From the records below, transcribe only the lines running from the one with "14301 Banyan Ln, Rosemount, MN" through the one with "781 Irondale Road". Keep both of those end lines.

● ● ●

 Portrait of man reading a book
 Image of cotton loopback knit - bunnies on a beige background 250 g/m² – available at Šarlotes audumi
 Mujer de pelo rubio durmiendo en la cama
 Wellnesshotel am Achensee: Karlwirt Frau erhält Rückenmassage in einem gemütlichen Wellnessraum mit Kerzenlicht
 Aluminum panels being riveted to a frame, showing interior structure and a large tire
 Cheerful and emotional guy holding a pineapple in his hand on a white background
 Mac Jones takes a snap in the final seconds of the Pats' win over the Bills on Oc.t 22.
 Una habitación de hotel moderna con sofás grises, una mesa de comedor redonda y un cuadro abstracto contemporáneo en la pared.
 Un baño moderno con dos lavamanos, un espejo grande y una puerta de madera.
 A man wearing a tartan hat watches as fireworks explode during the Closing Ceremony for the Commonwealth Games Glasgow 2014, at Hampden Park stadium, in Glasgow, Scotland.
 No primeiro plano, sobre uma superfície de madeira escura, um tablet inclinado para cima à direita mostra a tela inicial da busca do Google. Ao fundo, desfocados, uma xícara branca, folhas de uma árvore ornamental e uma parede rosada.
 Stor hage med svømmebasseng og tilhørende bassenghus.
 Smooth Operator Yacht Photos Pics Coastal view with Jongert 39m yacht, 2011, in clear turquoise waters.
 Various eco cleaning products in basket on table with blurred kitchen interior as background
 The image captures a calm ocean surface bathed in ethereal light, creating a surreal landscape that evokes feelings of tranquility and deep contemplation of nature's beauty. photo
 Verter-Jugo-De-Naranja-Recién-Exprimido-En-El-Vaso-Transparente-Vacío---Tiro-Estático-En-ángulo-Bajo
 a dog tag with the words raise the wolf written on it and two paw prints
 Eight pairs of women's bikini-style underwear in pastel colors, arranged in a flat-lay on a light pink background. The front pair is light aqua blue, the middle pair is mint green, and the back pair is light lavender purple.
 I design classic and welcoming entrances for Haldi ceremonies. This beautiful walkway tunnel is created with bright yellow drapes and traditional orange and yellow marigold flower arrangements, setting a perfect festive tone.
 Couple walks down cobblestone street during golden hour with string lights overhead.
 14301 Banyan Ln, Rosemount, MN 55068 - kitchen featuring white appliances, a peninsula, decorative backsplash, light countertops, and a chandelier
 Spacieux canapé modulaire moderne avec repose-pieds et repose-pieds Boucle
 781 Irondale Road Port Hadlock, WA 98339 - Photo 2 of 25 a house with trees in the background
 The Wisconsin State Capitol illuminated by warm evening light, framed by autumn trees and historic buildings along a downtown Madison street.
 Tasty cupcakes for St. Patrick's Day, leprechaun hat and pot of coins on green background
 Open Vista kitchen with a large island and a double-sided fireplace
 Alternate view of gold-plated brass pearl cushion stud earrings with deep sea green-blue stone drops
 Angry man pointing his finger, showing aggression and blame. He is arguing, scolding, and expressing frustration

● ● ●

TASK RESULT ->
 14301 Banyan Ln, Rosemount, MN 55068 - kitchen featuring white appliances, a peninsula, decorative backsplash, light countertops, and a chandelier
 Spacieux canapé modulaire moderne avec repose-pieds et repose-pieds Boucle
 781 Irondale Road Port Hadlock, WA 98339 - Photo 2 of 25 a house with trees in the background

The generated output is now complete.